The language reference mentions "composite file" and "ditabase" with no
definition of either (other than the implicit connection to the database
declaration set). It never makes an explicit connection between these
two terms and the "dita" element except in the description of the dita
element itself. For example, if you're reading the description of
glossentry and trying to figure out why it's mentioning "composite
files" and the special rules for them, there's nothing there that will
get to you the "dita" element. Doh!
Likewise the architecture document mentions the ditabase document type
and shows declarations with the "composite" public identifier and talks
about how within composite documents topics can be nested without
restriction, but it never says *why* or mentions the "dita" element
(except in examples where it's use is not discussed or explained and has
no obvious purpose, such as the examples under "Usage with the conref
attribute").
Several comments:
1. The term "file" is not a meaningful XML term--either the term
"document" or "storage object" should be used. In addition, the term
"composite document" usually has another meaning in a lot of contexts,
namely a logical document composed from multiple physically-distinct
components (e.g., via XInclude), so I think there's likely to be
confusion, or at least assumption that it means more than it does.
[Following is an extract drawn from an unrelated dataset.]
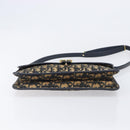 Christian Dior Trotter Canvas Shoulder Bag Navy Gold Tone Auth bs37239-9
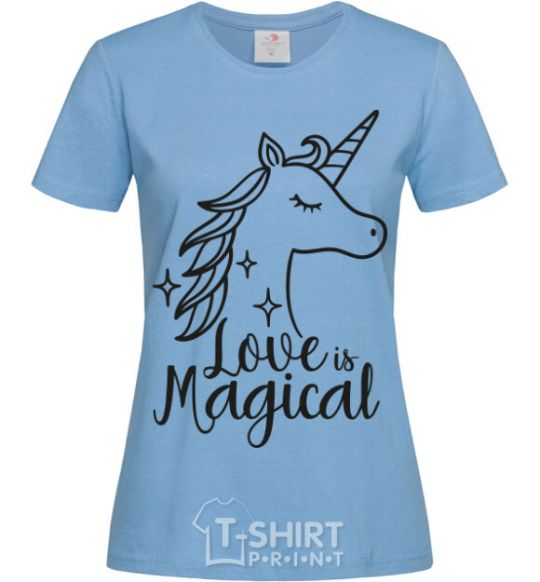 Women's T-shirt Unicorn love sky-blue фото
In
fact, the term "composite file" as it's used here explicitly *has no
meaning* because it has no processing implications at all--it is simply
a storage organization convenience. I think a clearer term might be
something like "multi-topic document" (although that's somewhat
ambiguous because it could mean a document with a topic root that has
nested topics). Unfortunately, the most correct term, namely "dita
document" (meaning a document whose document type is "dita"), is
ambiguous with the more usual meaning of "a document that conforms to
the DITA specification". Maybe it would be best to change the name of
the "dita" element to something like "topicset" that is a much clearer
reflection of what it actually is.
Unfortunately, if my clients and prospects are any indication, there are
a lot of documents of the form out there
(which is of course totally unnecessary and pointless). But maybe we can
add "topicset" and depricate "dita". This wouldn't break anything
existing but would make the whole subject a lot clearer and easier to
talk about.
2. It's not clear *why* it's useful to allow arbitrary nesting of topics
in the context of "dita" elememnts but not, by default, in the elements
when used standalone. I can only see it causing confusion, especially
when a topic containing mixed subtopics was subsequently re-used in a
context where mixed subtopics are not allowed (that is, any other context).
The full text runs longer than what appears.